**Problem statement**. Would you transcribe only the lines from the one holding "E.Leclerc Brzoskwinie oferta" through the end of the material, exactly, without any pictures?

**Input data**.
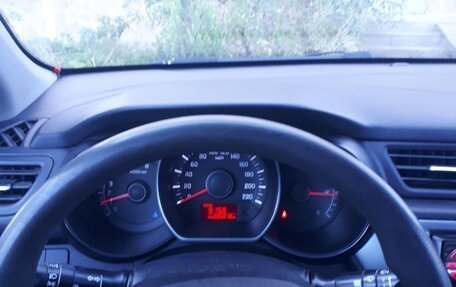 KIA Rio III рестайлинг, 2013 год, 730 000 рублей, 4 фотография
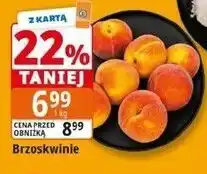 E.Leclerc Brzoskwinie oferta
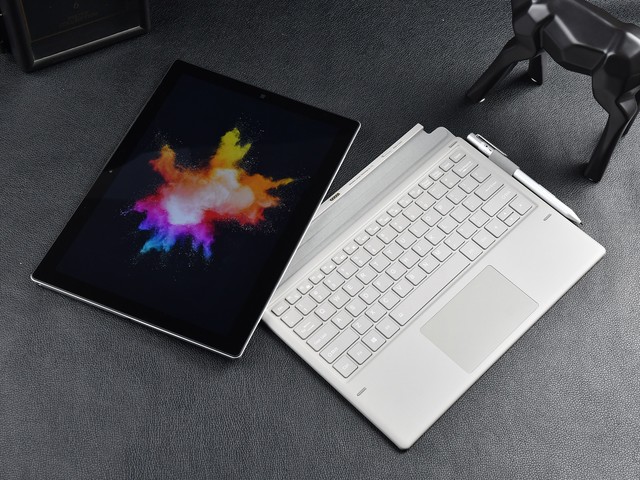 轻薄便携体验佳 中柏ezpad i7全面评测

**Exercise output**.
 E.Leclerc Brzoskwinie oferta
 轻薄便携体验佳 中柏ezpad i7全面评测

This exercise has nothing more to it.